De eerste teelt binnen het onderzoek ‘De Perfecte Chrysant’ leverde zulke goede resultaten op dat extreem energie besparen eigenlijk appeltje-eitje leek. De tweede teelt gaf echter een heel ander beeld. Door de hoge buitentemperaturen werd het een echte uitdaging om de kwaliteit goed te houden. Een terugblik, halverwege de proef.

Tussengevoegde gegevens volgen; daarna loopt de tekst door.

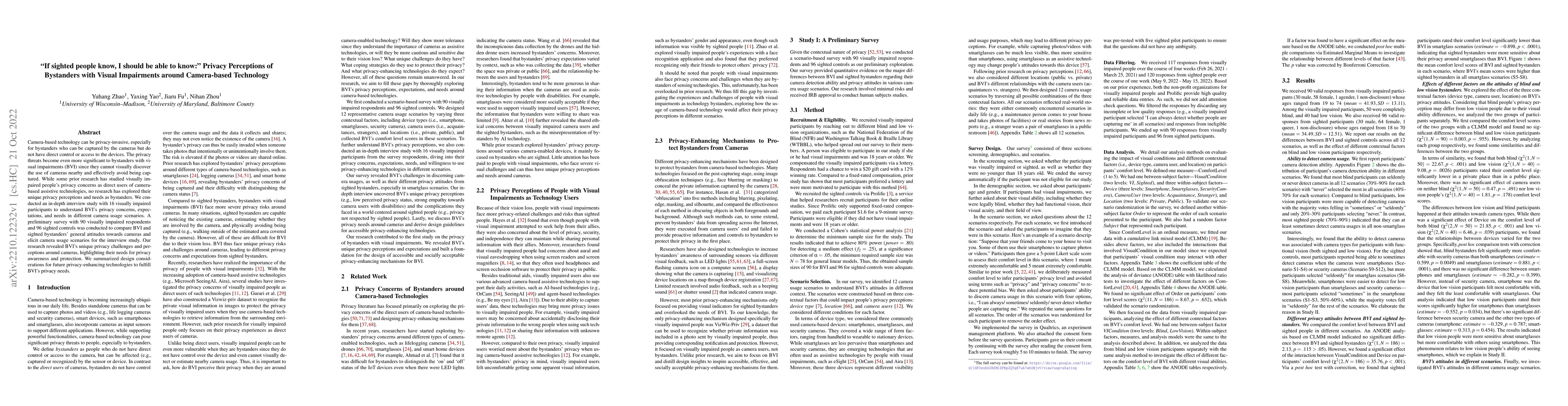 Thumbnail for "If sighted people know, I should be able to know:" Privacy Perceptions
  of Bystanders with Visual Impairments around Camera-based Technology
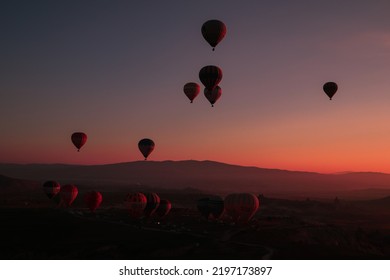 Hot Air Balloons In Cappadocia, Sunrise.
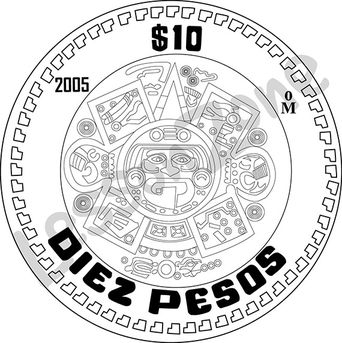 Mexico, $10 coin B&W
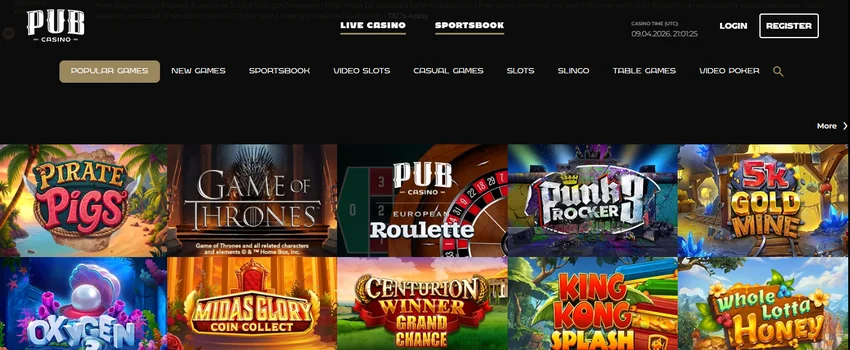 Pub Casino homepage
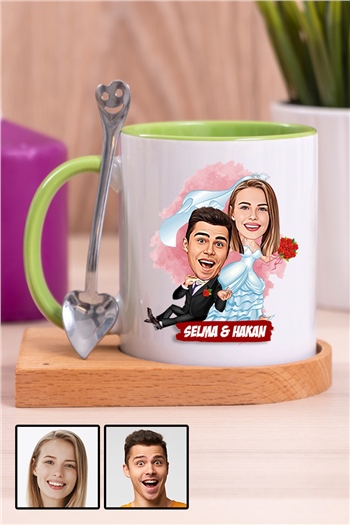 Eşe İlginç Hediye Evlilik Temalı Karikatürlü Ahşap Altlıklı İçi Renkli Kupa Bardak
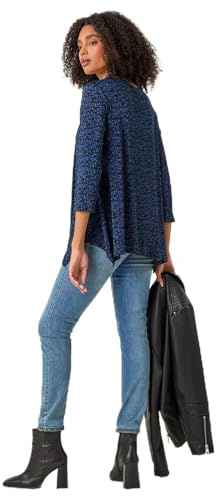 Roman Originals Hanky Hem Tunic Top for Women UK - Ladies Longline Blouse Asymmetric Hemline Casual Slouch Loose 3/4 Sleeves Round Neck Relaxed Comfortable Holiday - Blue & Black - Size 12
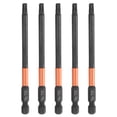 thumbnail image 1 of Uxcell 5pcs Punta de destornillador Torx T25 de 4" de longitud con vástago hexagonal de 1/4" magnético a prueba de manipulaciones de 6 puntos, 1 of 7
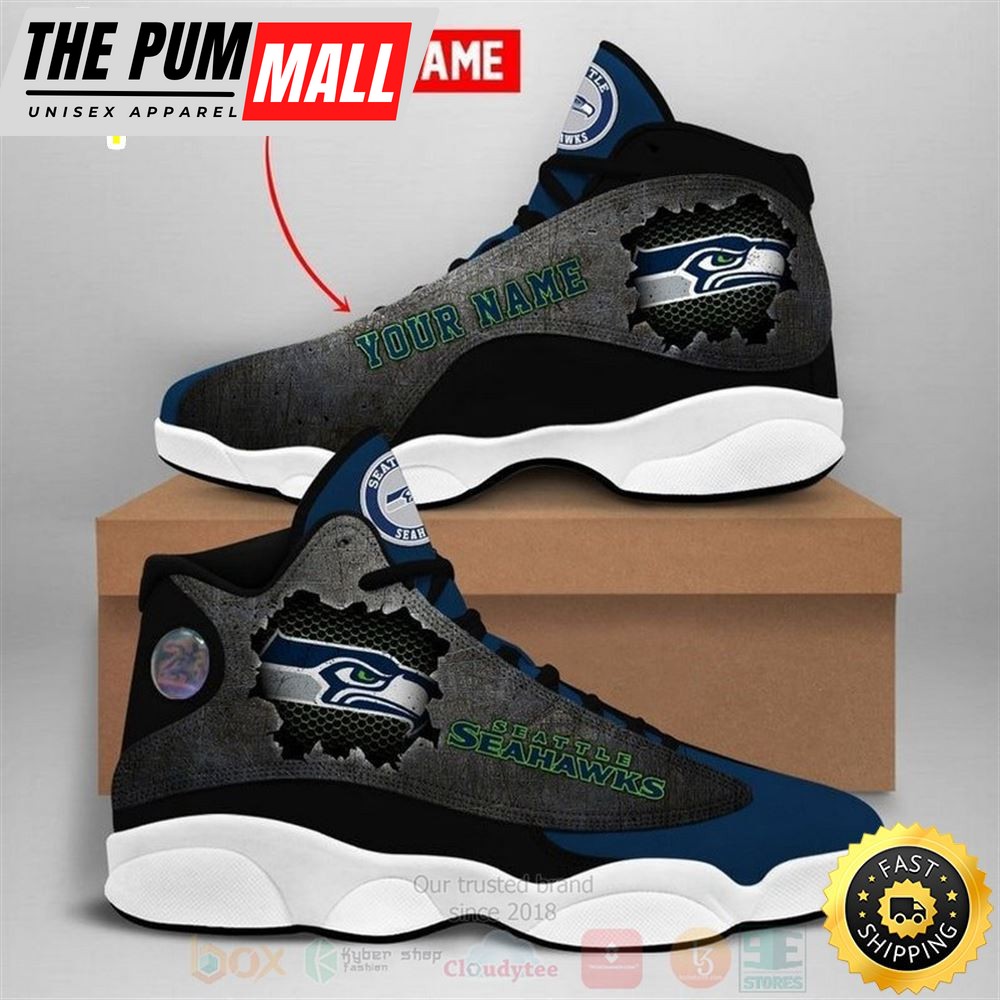 Seattle Seahawks Nfl Football Team Custom Name Air Jd 13 Shoes 2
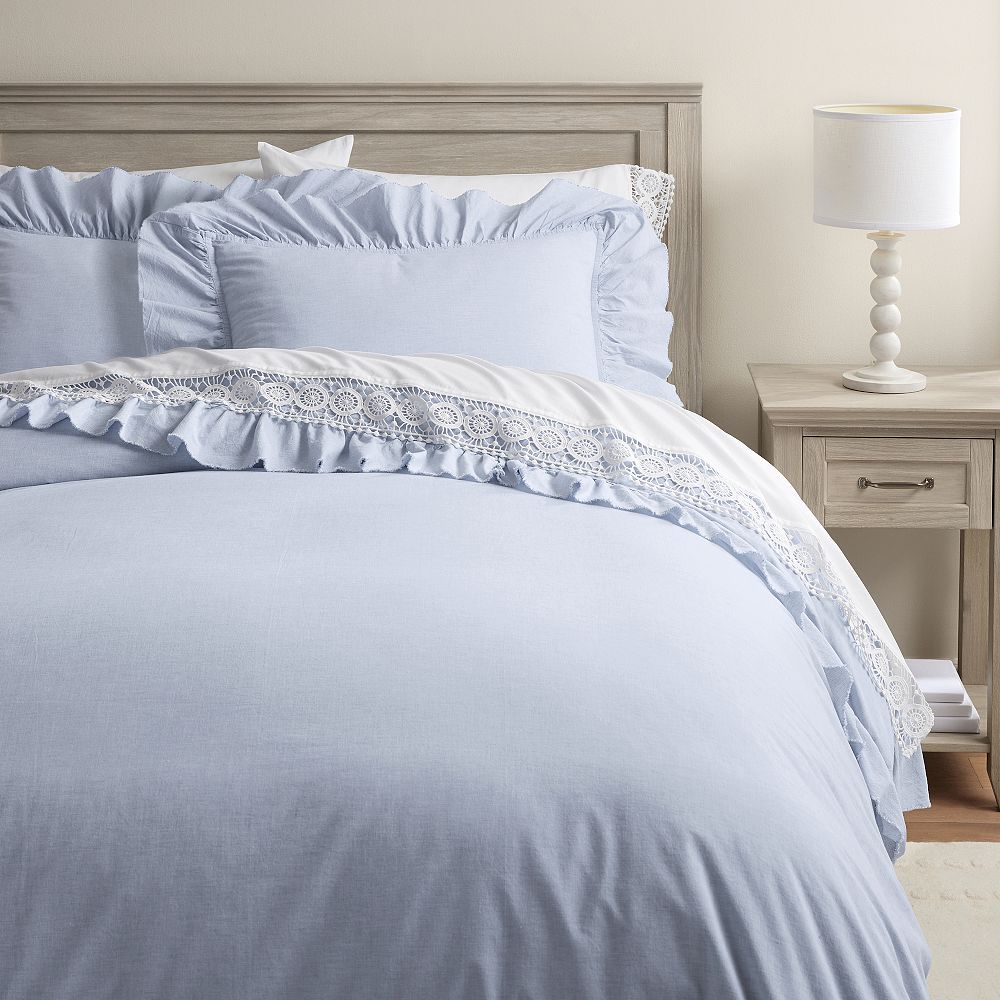 Chambray Ruffle Organic Duvet Cover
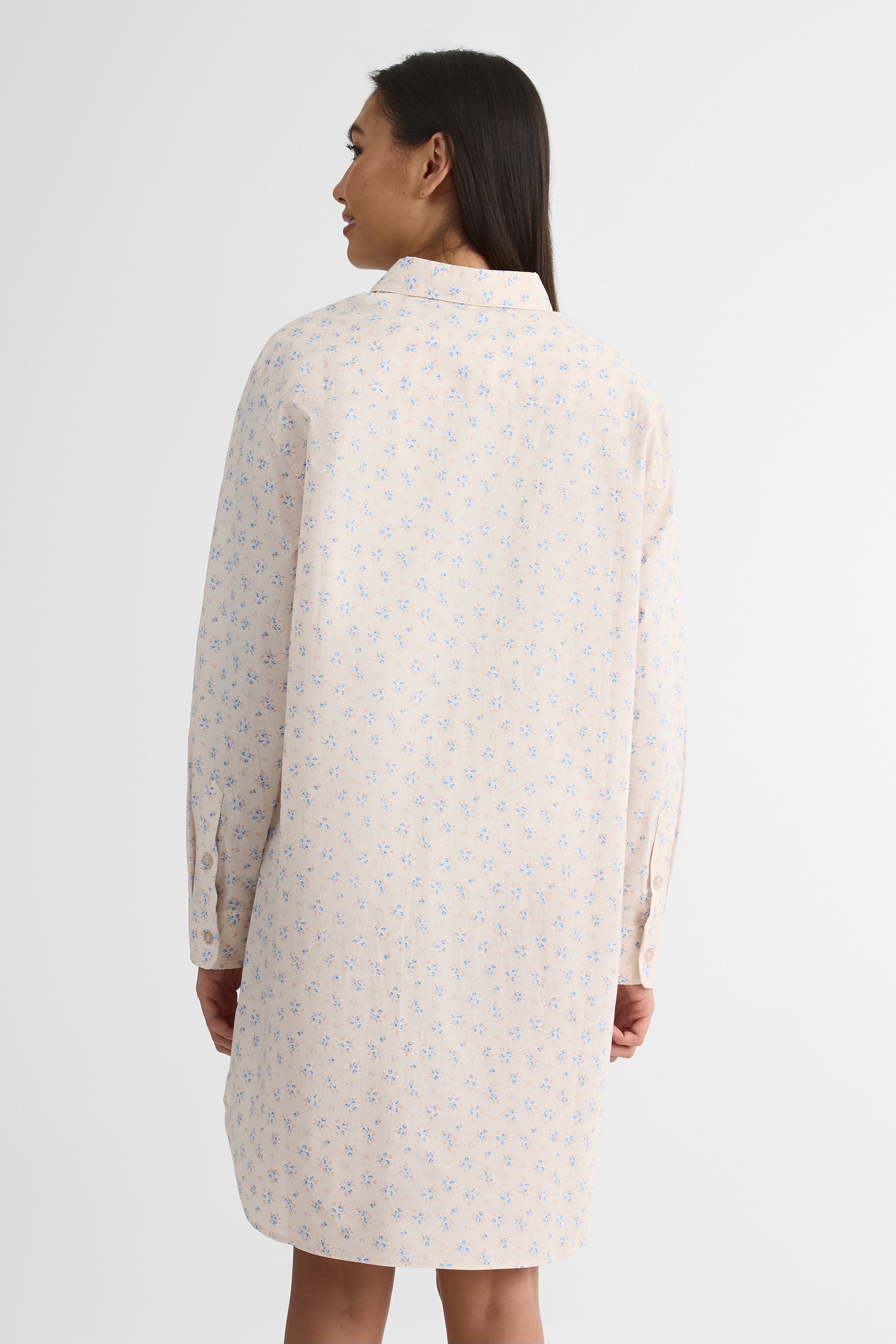 Chemise de nuit en popeline - Femme && BEIGE/MULTI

Half augustus is de derde teeltronde van het project ‘De Perfecte Chrysant’ alweer over de helft bij het Delphy Improvement Centre in Bleiswijk. Op 14 februari is de eerste teelt geplant op grond waar tien jaar lang niet op was geteeld. De tweede teelt ging op 4 mei van start, waarbij de oogst in week 28 viel. Chrysantenteler Ron Ammerlaan, adviseur René Corsten en onderzoekster Lisanne Schuddebeurs kijken terug op deze twee teelten.
Halvering energievraag
De proefnemers willen een 5% meerproductie van goede kwaliteit halen met 15 m3/m2 a.e. (aardgasequivalenten) warmte per jaar, terwijl chrysantentelers in de praktijk zo’n 28 tot 30 m3 verbruiken. Dat is een halvering van het energieverbruik. Daarnaast willen zij de zomerkwaliteit verbeteren door middel van koelen. De middelen die zij daarvoor inzetten zijn een diffuus kasdek en drie schermen (een verduisteringsdoek, een transparant energiedoek en een licht diffuus schaduwdoek).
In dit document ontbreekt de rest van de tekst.